In 1985, just before the poet Esther Cohen, her husband, and two friends bought a house in Greene county, their realtor warned them not to: it was too “wild” and different from what they knew. To Cohen, that sounded ideal; she has lived in the same rent-stabilized Upper West Side apartment since 1973 and loves the city but longed for an escape from her bubble of leftist and liberal Jewish urbanites.
Greene county is 120 miles north of New York City. The birthplace of the Hudson River School of Art, it has waterfalls and majestic views of the river and the Catskill Mountains – the perfect place for a writer to find quiet in the summertime and on other occasions throughout the year.
She made local friends quickly. “I went to the farmer’s wife at the farm stand nearby and said, ‘I want to have a potluck. Will you come and host it with me?’” Cohen said in an interview in her Upper West Side apartment.

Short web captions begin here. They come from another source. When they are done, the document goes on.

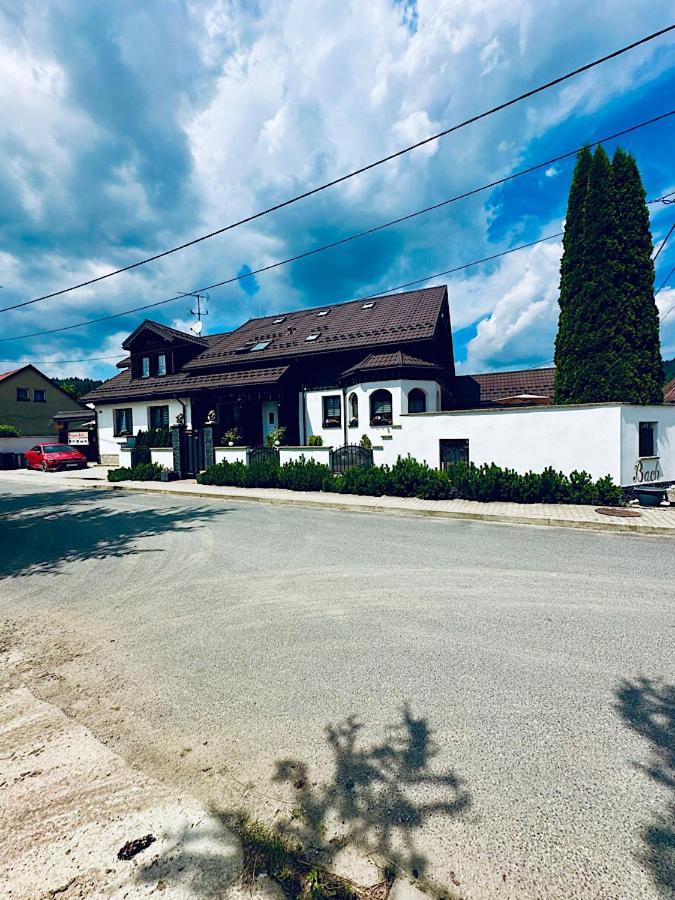 Penzion Bach Vyšné Ružbachy Екстериор снимка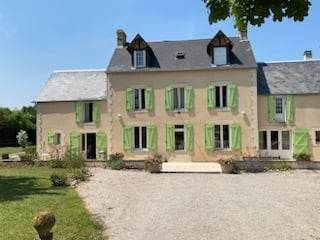 Volets verts, maison à étage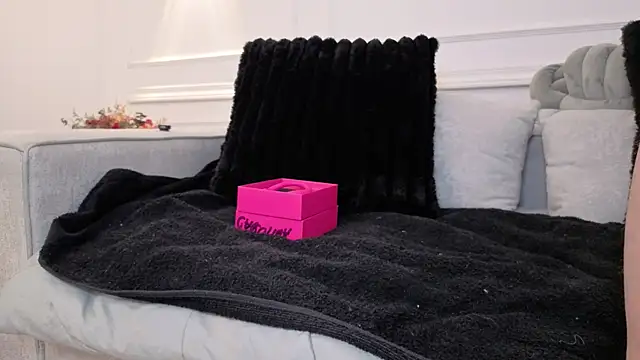 giigii hadidd online show from 07/02/26, 07:20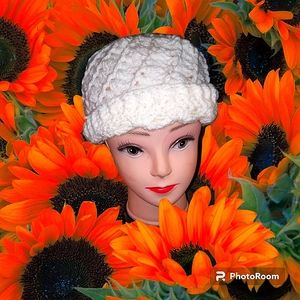 NWT Adult crochet beanie.
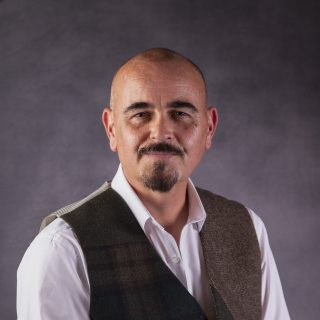 david hull watters headshot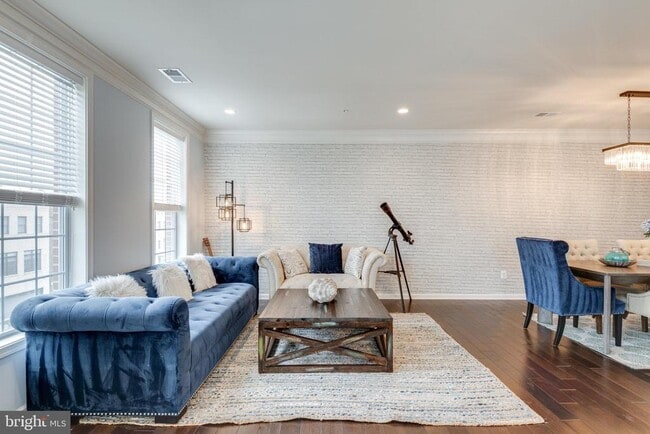 Building Photo - 23564 Buckland Farm Terrace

She’s been hosting big summer potlucks ever since for a “big mix” of neighbors: “Everyone comes who is around. And everyone is welcome.”

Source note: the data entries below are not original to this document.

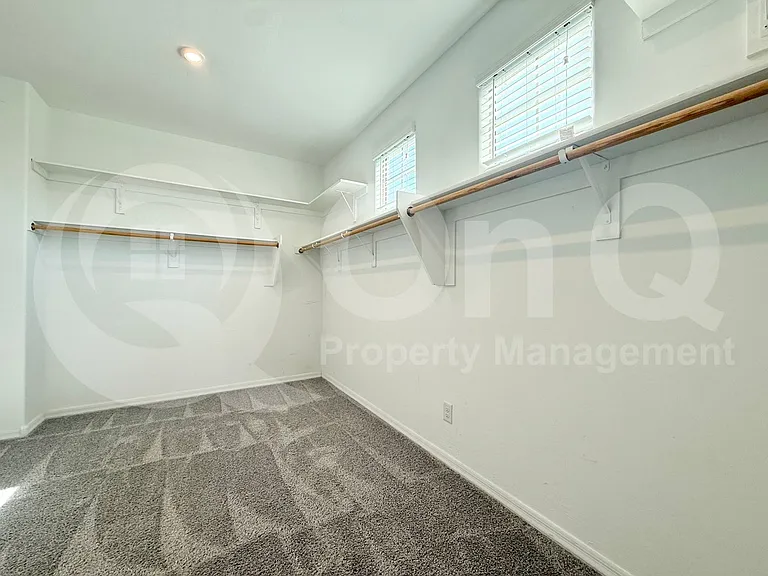1312 E Gemini Pl — Photo 16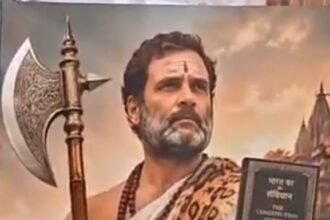 वाराणसी में राहुल गांधी के जन्मदिन पर कांग्रेस कार्यकर्ताओं द्वारा उनकी तस्वीर का गंगा किनारे दुग्धाभिषेक और पूजा करते हुए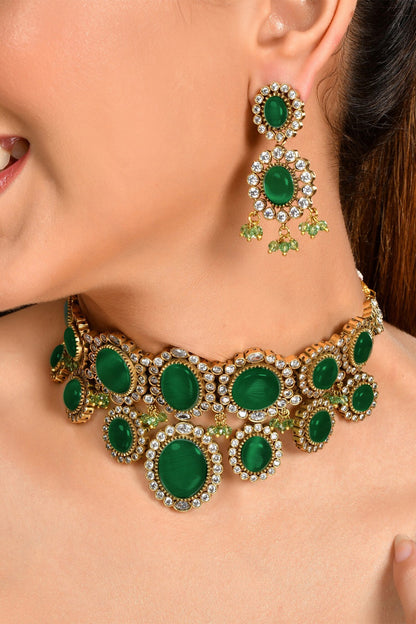 Geometric Embellished Choker Necklace Set 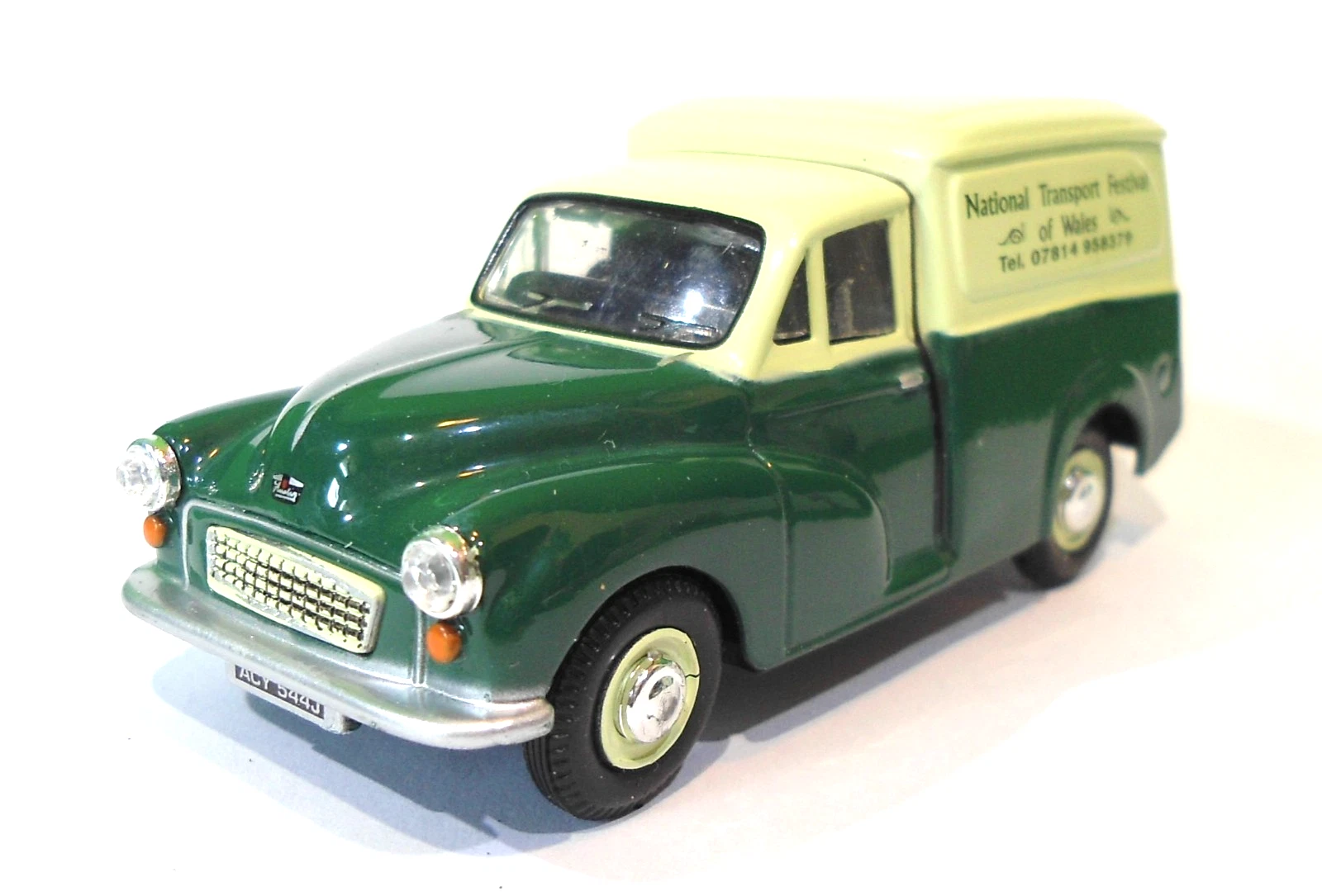 VANS Oxford Diecast 1:43 1960s Morris Minor Welsh Transport Festival Van Edizione Limitata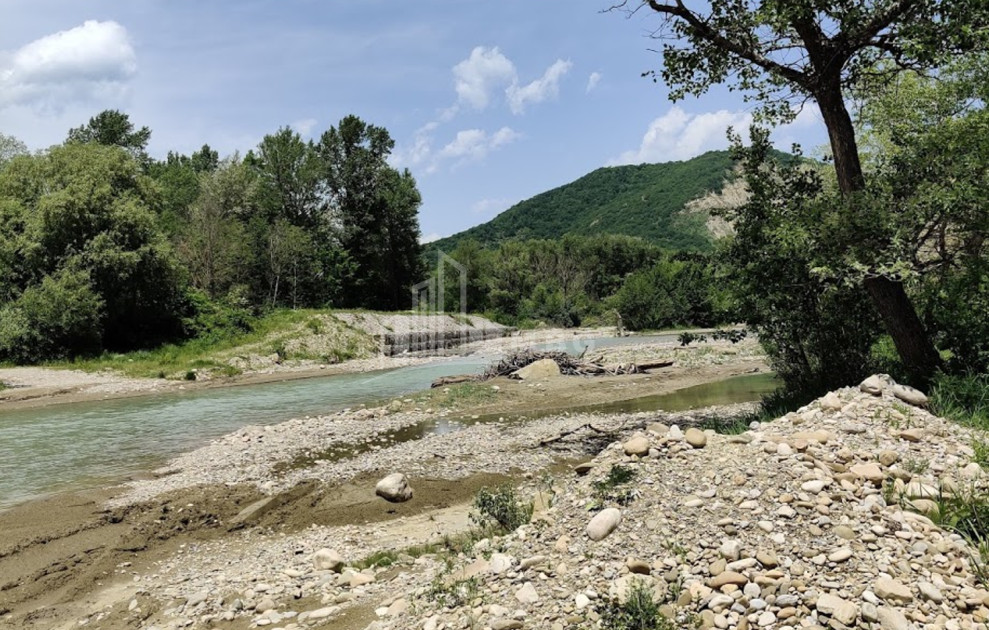 იყიდება მიწის ნაკვეთი გომბორი საგარეჯო კახეთი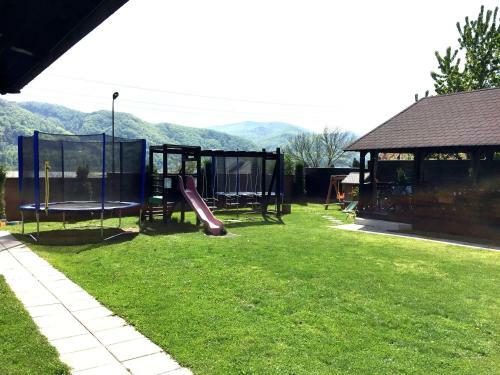 Hostal Pensiunea Camena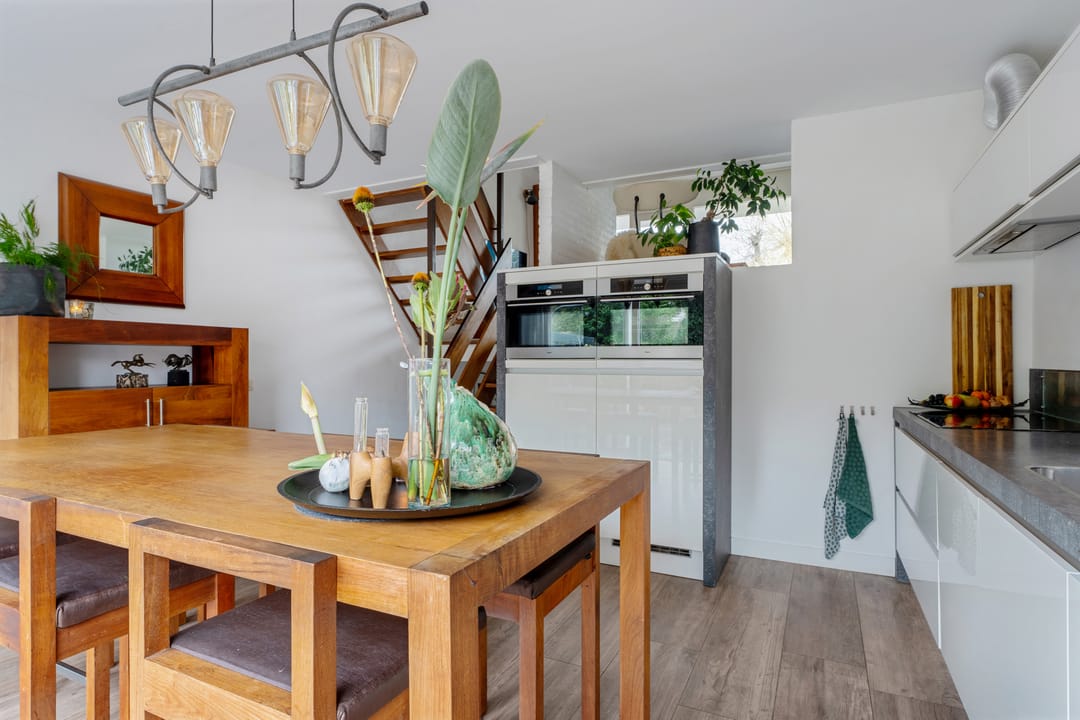 Foto 11 van Surinamesingel 95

In January, Create, a local arts council partly funded by the Greene county legislature, appointed Cohen the county’s first-ever poet laureate. She recalls thinking Greene county, with its overwhelmingly Republican legislature, might not want to be represented by a Jewish transplant from New York City. But she was encouraged by community members to apply and was delighted when she won. She signed an agreement with Create and asked that the ceremony in her honor take place in April, as part of National Poetry Month. As laureate, her job would be to promote poetry in the county and participate in local literary events. She would earn an annual $1,000 honorarium.
Six weeks later Create’s executive director, Stella Yoon, appeared at a 4 March meeting of the Greene county legislature to provide an update on the council’s programming and invite the legislators to the ceremony they were planning for Cohen.
When she was finished, Republican legislator Michael Lanuto said he had some questions about the new poet laureate. In doing a “background check”, he said he had found in Cohen’s social media “the antithesis of what I believe this board stands for”. He cited social media posts about Zohran Mamdani (for) and Donald Trump (against).
In an 3 April letter first reported by the local outlet the Overlook, the legislature informed Create that it was rescinding Cohen’s appointment after finding “reasonably true” allegations that she had promoted “violence on social media”. On 15 April the legislature voted unanimously to strip Cohen of her status as poet laureate.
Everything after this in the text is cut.